# too much light?



## RockabillyChick (Nov 18, 2005)

can low-light plants like crypts get too much light? i have a 10 gallon with 3w/g (two 18" flourecent bulbs) and my crypts are turning yellow. they started turning yellow when i only had one bulb on the tank, and i thought they weren't getting enough light, so i added another, but they're not greening up. should i add Flourish Excell? i don't want to resort to a CO2 system. just seems like too much work. i heard that flourish excell will provide carbon to the plants instead, as well as other nutrients.


----------



## Damon (Jan 18, 2005)

They can get too much light but that is not the case here. CO2 is adding to the problem but not the underlying factor. Have you moved them recently? Are the old leaves turning yellow? Are the veins still green? If I had to guess, I'd say you are lacking potassium. A pic would be wonderful. I would get some flourish and flourish excel. Tropica's mastergrow is wonderful also and a great alternative to flourish.
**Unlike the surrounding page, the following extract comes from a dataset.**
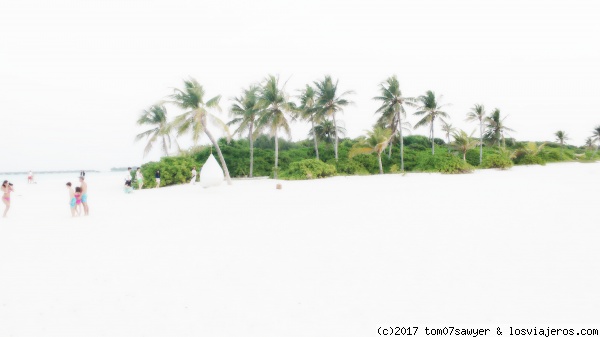 Beaches of Maldives
Clicked at the Hideaway Beach Resort & Spa situated in the Dhonakulhi Island, Haa Alifu Atoll, Maldives. 
https://www.hideawaybeachmaldives.com/
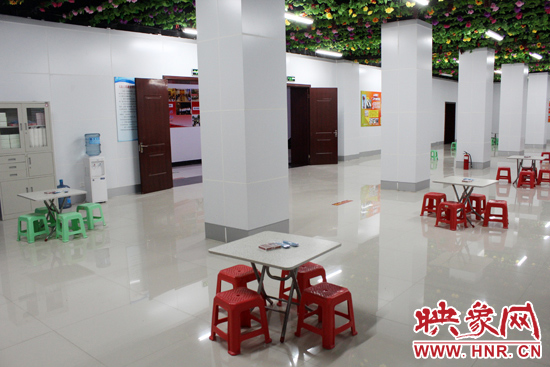 為了給市民納涼避暑創(chuàng)造舒適的環(huán)境，今年鄭州市人防辦加大了投入，對(duì)納涼點(diǎn)進(jìn)行了升級(jí)改造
You'll still want the excel in either case.


----------



## RockabillyChick (Nov 18, 2005)

i haven't moved them since i first put them in there. i know crypts have a tendancy to "melt" when they're moved, but mine never did. they lost a couple of the outer leaves, but thats normal. 

no, its the new inner leaves that are coming out yellow. i don't know what the potassium levels are in the tank though. but the water where i live comes from an aquifer, so its very mineral-rich.


----------